UNSA Shuttle C57-D had been detached from its dock. It was falling away from the station, turning over and over, shining in undiluted sunlight.

‘We’re stranded,’ Allen said, disbelieving.

Fortune clenched his fists and shouted at the ceiling. ‘Cal, you monster, what have you done? I saved Bella from you once. Couldn’t you let her go?’

There was no reply.


They stayed on the bridge. It made no real sense, but Freddie sensed they all felt safer here, deep in the guts of the station. Bella sat quietly on the plinth, subdued. Fortune paced around the bridge, muttering.

Freddie and Allen went through the station’s systems. They quickly established that the station’s housekeeping was functioning.
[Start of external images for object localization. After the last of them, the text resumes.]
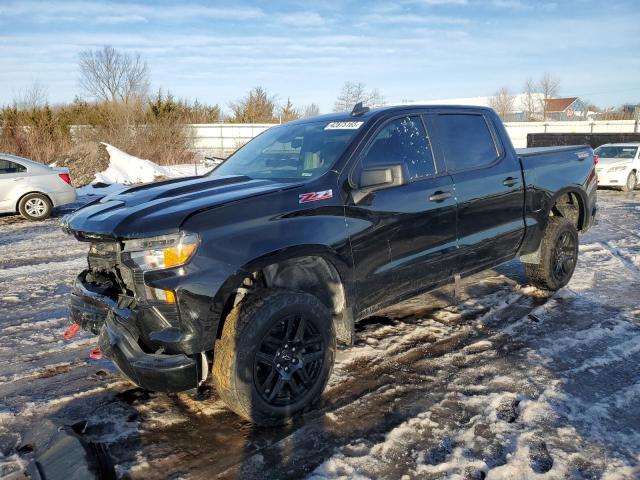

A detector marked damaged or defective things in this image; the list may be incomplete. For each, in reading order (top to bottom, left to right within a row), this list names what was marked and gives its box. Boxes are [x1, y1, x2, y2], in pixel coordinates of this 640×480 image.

damaged front end [69, 232, 210, 394]
broken headlight [122, 233, 198, 272] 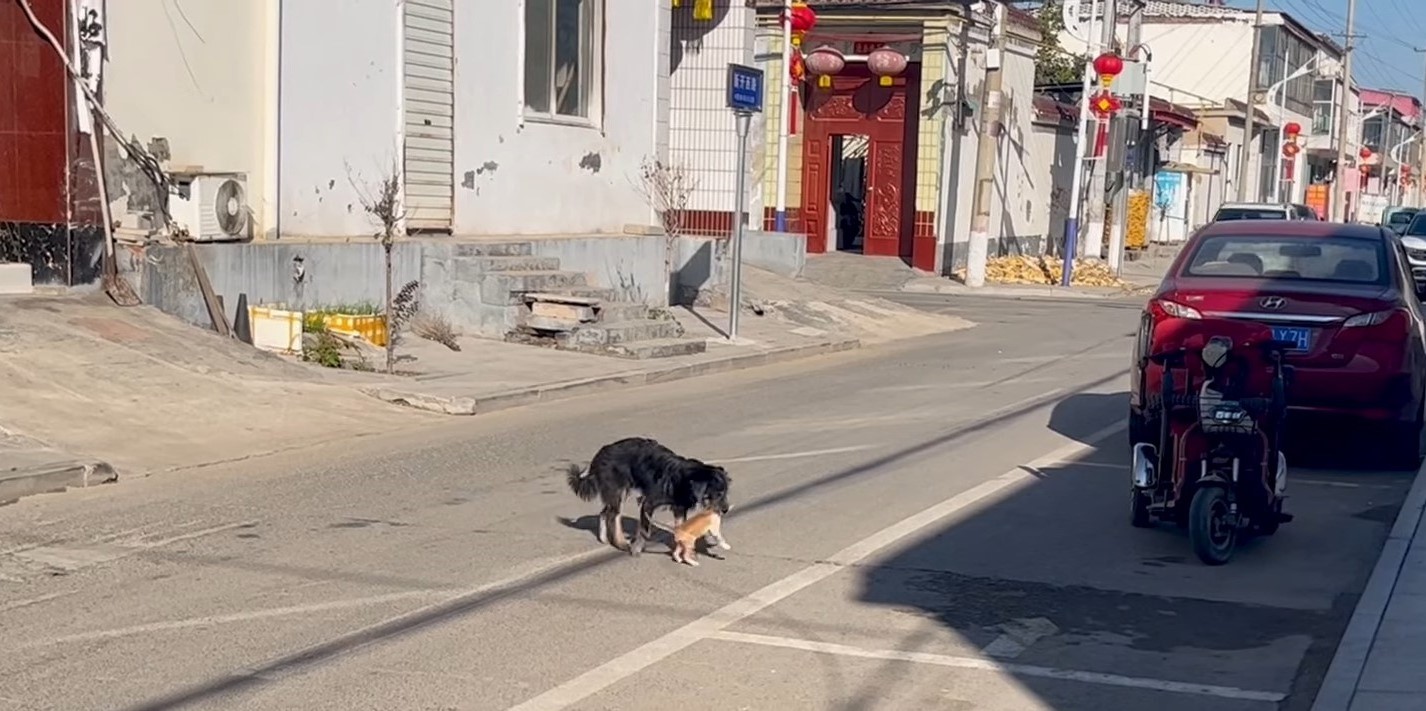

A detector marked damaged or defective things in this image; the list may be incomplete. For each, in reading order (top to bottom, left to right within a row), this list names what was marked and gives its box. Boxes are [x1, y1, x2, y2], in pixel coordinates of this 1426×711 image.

paint peeling wall [453, 2, 670, 236] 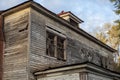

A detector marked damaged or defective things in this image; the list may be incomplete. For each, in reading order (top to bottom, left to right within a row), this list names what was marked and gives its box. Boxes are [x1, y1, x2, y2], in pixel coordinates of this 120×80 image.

broken window [46, 31, 66, 60] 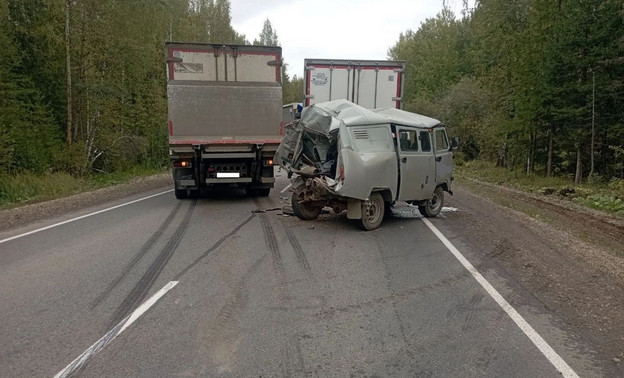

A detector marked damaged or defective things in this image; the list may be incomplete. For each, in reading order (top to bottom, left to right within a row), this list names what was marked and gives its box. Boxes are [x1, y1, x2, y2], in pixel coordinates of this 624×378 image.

destroyed van [276, 99, 456, 230]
Air conditioning, water recycling still worked, and the lamps still glowed over the hydroponic banks.

‘So we’re not going to starve,’ Allen said edgily.

‘But the AI’s higher functions are locked out,’ Freddie said. ‘There’s no sign Aeolus is monitoring the Atlantic weather systems, let alone doing anything about them. And meanwhile comms is down. How long before anybody notices we’re stuck here?’

‘People don’t want to know what goes on with these hideous old systems,’ Allen said. ‘Even in my department, which is nominally responsible for them. Unless our families kick up a fuss, or another hurricane brews up, I don’t think anybody is going to miss us for a long time.’

Fortune snorted. ‘Bureaucracies. The blight of mankind.’

Allen growled, ‘You’ve got some explaining to do, Fortune. Like why you ordered up a hurricane.’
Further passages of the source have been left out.